**DATA EXTRACT**

::::::

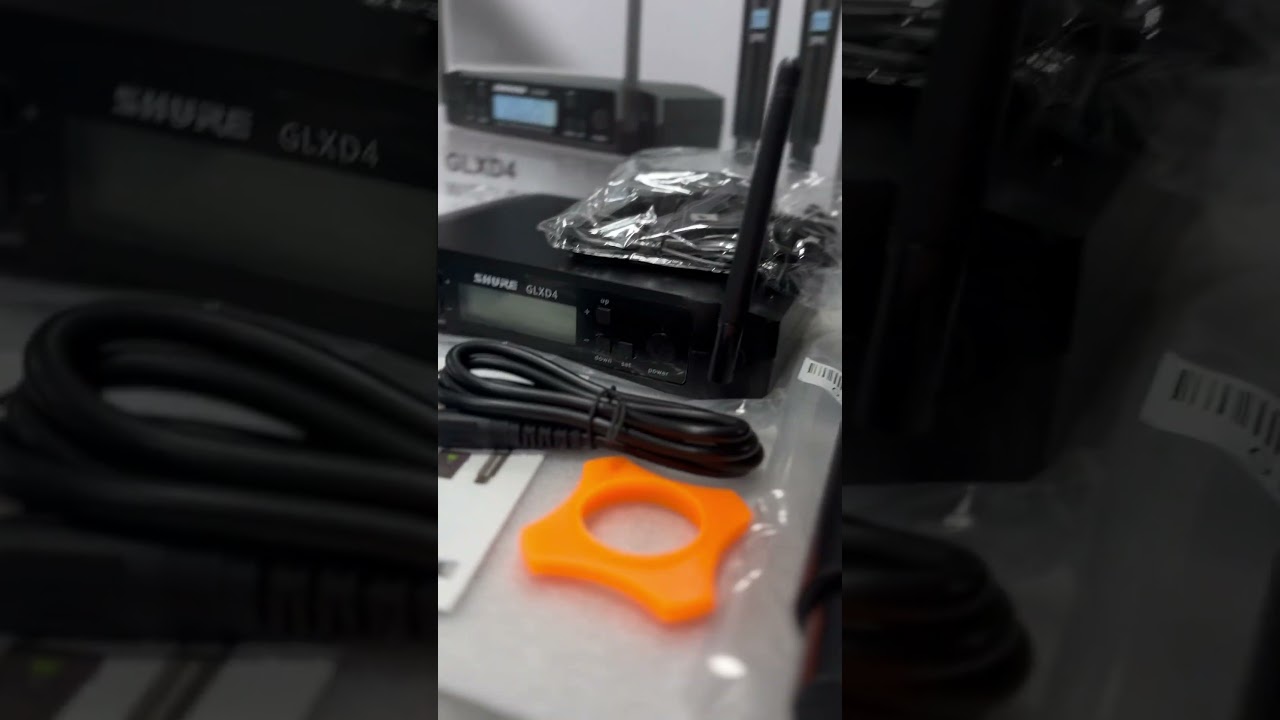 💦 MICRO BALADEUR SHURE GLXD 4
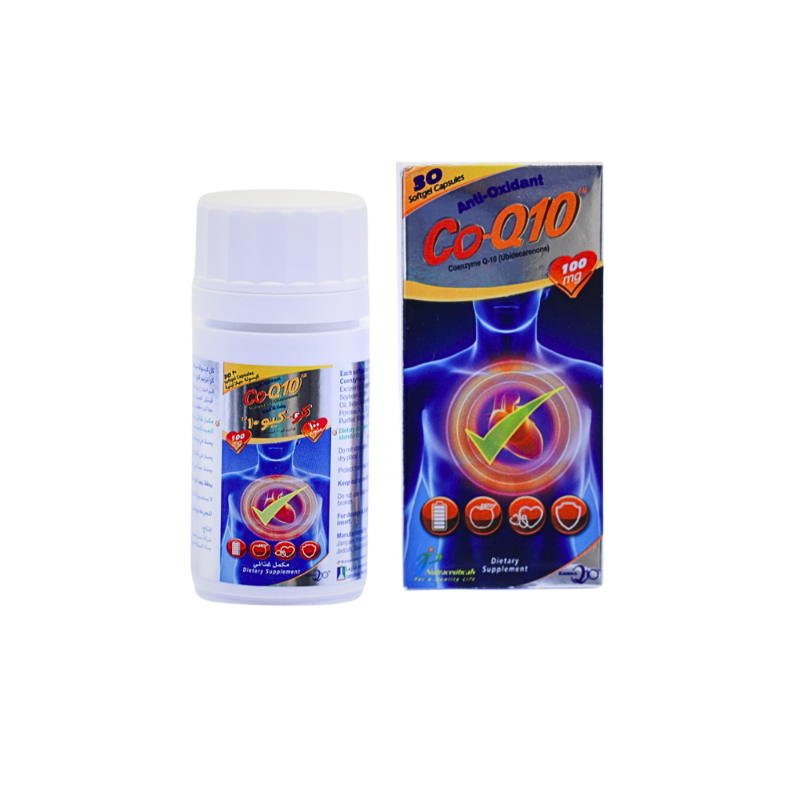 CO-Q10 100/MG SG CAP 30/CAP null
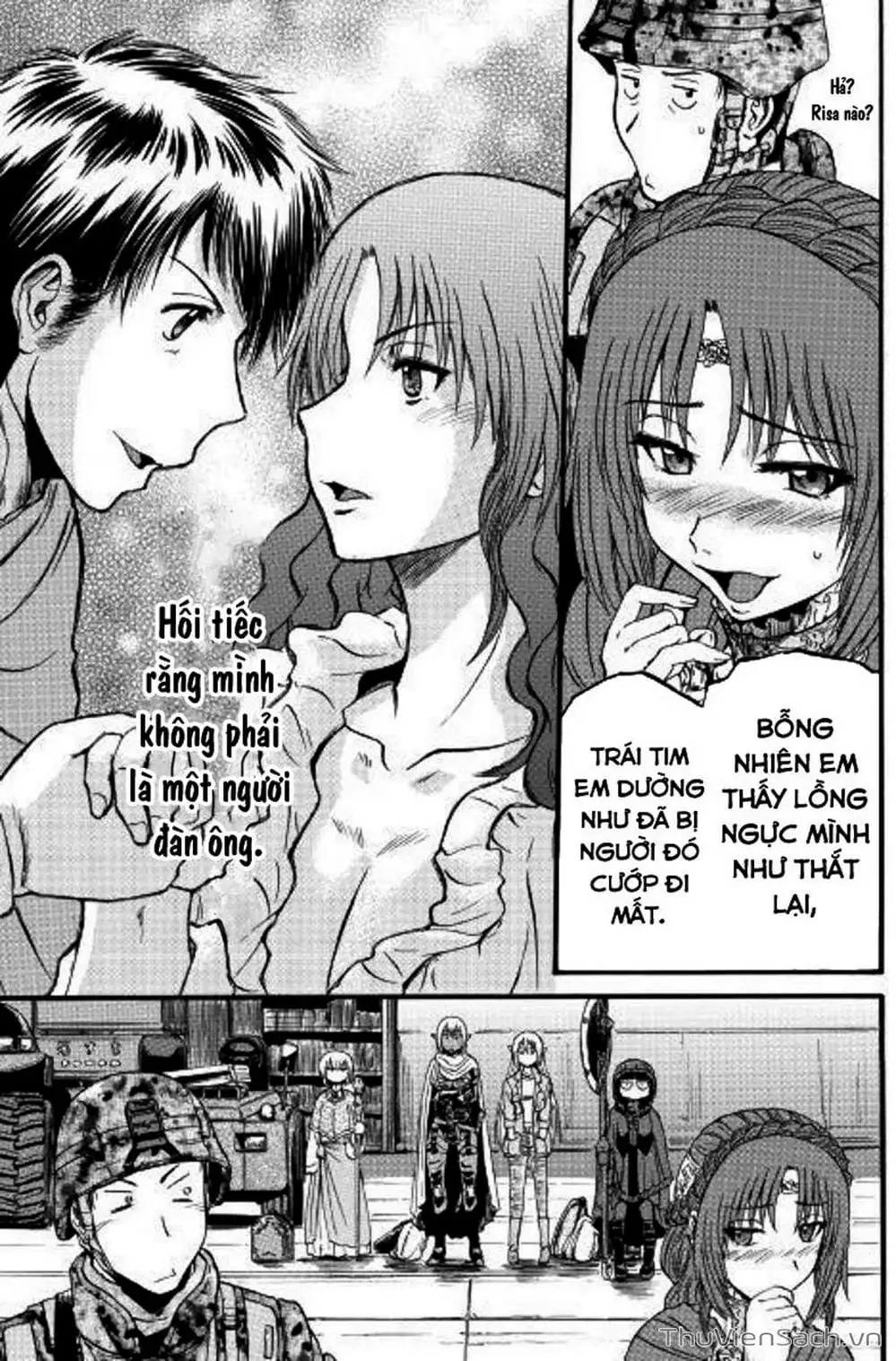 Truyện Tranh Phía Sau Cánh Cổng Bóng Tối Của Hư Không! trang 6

::::::

**EXERCISE OBJECTIVE**
Exact copy, pictures removed: set down the whole listing above.

**EXERCISE OUTPUT**
 💦 MICRO BALADEUR SHURE GLXD 4
 CO-Q10 100/MG SG CAP 30/CAP null
 Truyện Tranh Phía Sau Cánh Cổng Bóng Tối Của Hư Không! trang 6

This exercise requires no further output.